Just Say ‘No’ To A Government Bailout of The Auto Workers Unions

Senator Schumer was in town earlier this week, salivaning over the oppurtunity to put the auto industry under the control of the federal government… though he called it “oversight,” it actually looks and smells an awful lot like socialism.

The proposition of a bailout of the auto industry isn’t really about bailing the industry as it is about bailing out the autoworkers unions. With above market wages and ridiculous benefits packages, they drive up the costs of assembling cars the same way union contractors drive up the costs up construction.

The Buffalo News looks at the options:

If the government doesn’t bail out GM, the cash-strapped company will likely be forced into bankruptcy. Many experts say that this would prompt a cascading collapse that would deeply damage parts suppliers, dealers and other automakers – adding millions to the unemployment rolls.

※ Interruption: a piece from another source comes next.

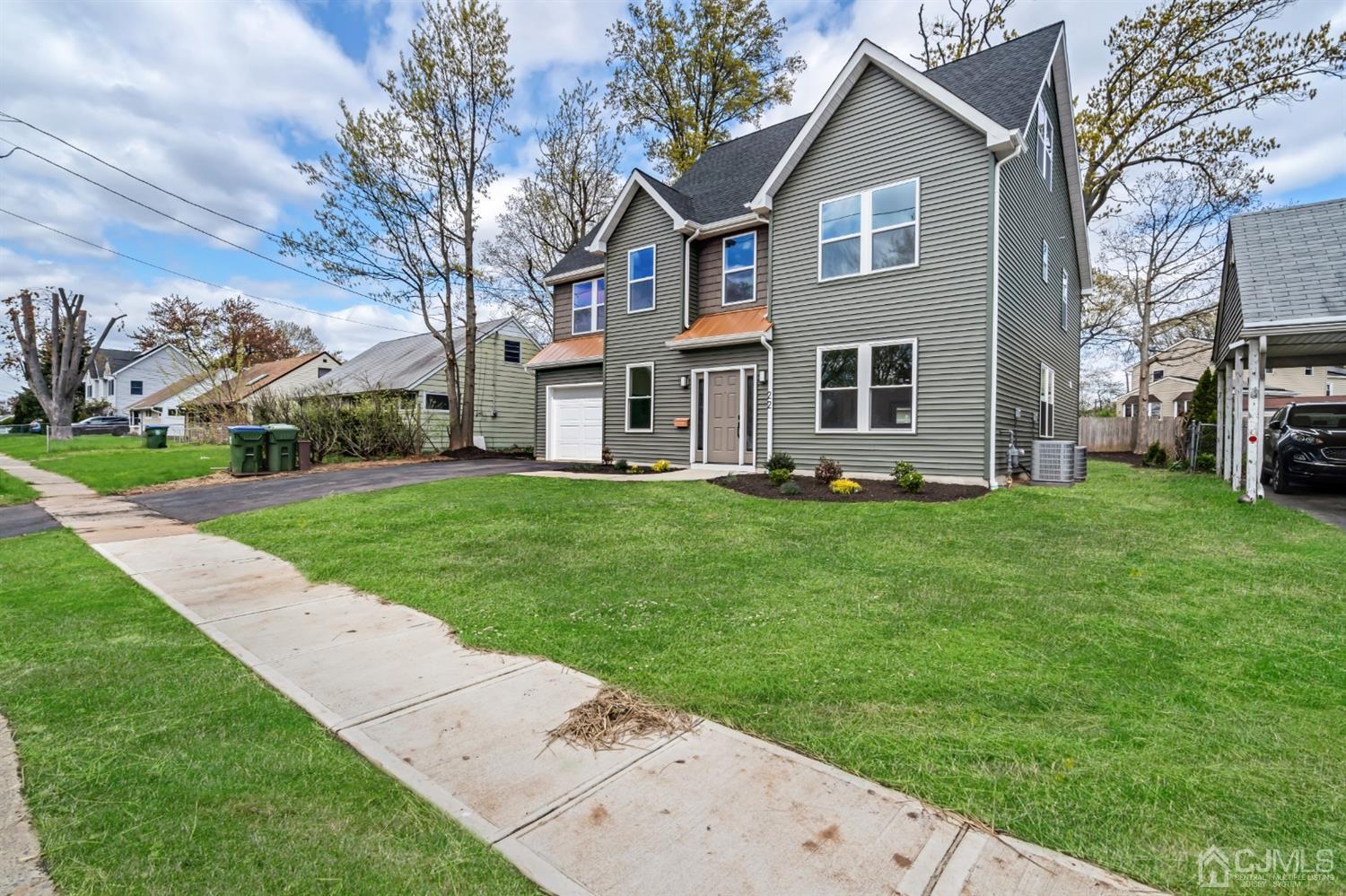 22 Stiles Road Edison, NJ 08817 - Photo 5 of 48 a front view of house with yard and green space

But others argue that a government bailout of the American auto industry would amount to throwing good money after bad and that bankruptcy is GM’s best option.

“Spending billions of additional federal tax dollars with no promises to reform the root causes crippling automakers’ competitiveness around the world is neither fair to taxpayers nor sound fiscal policy,” House Minority Leader John A. Boehner, R-Ohio, said Thursday.

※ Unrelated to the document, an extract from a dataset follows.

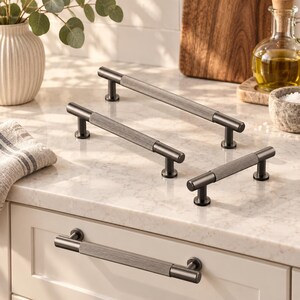 May include: Four matte black cabinet pulls with a cylindrical design and a textured, ribbed center section. Each handle features smooth, rounded ends and two sturdy mounting posts, providing a consistent look for kitchen or furniture hardware.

The debate over a proposed $25 billion bailout of America’s Big Three automakers is likely to culminate next week, when Congress tackles the issue in a special session.

Of all the bailouts the federal government has considered in these troubled times, this one cuts especially close to home. GM employs 1,389 at its Tonawanda Engine Plant, part of a grand total of 8,200 Western New Yorkers who work for the Big Three or their suppliers.

Add to that countless GM retirees, and it’s clear that the Buffalo-area economy would suffer deeply if GM were to fail.

And I am not interested in taxpayers bailing out the unions. Let them fail. The unions need a reality check, and bankruptcy is the best option in the long term. It might be tough in the short term, especially for WNY, but we to think of long term solvency, not a quick fix that will only empower the government and the unions… that doesn’t solve a thing.

Meanwhile, labor union officials worry that if GM or another automaker were to go bankrupt, it would give a judge freedom to nullify labor contracts, creating more doubt for workers and retirees.

“We already experienced this with Delphi,” said Kevin Donovan, assistant director of UAW Region 9. “We don’t want to experience it with GM or Ford or Chrysler.”

Yet to critics of the Big Three, the shredding of union contracts would be one of the advantages of a GM bankruptcy. “Private equity or strategic investors would buy the assets, shut down some plants, fire some union and exempt workers, and probably use the leverage of Bankruptcy Court to get a better deal from the unions,” conservative blogger Jim Manzi wrote on the National Review’s Web site Thursday.

In contrast, “a bailout of GM would be a pure exercise of political power to deliver taxpayer funds to one organized group of citizens at the expense of the country as a whole,” Manzi wrote. “It should be avoided.”

On Capitol Hill, grave doubts have been expressed about an auto bailout.

“I have automobile plants in my district. They pay $25 to $35 per employee per hour,” said Rep. Spencer Bachus of Alabama, ranking Republican on the House Financial Services Committee. “I am sure that I am going to be asked, ‘Congressman, I work at Honda or Mercedes, I make $40 an hour; why are you going to take my taxpayer dollars and pay it to a company who pays their employees $75 an hour?’

Bailing out the auto industry sends the wrong message to the unions. It tells them they can just continue doing business as usual because the taxpayers can just pull them out of the hole the unions dug themselves into.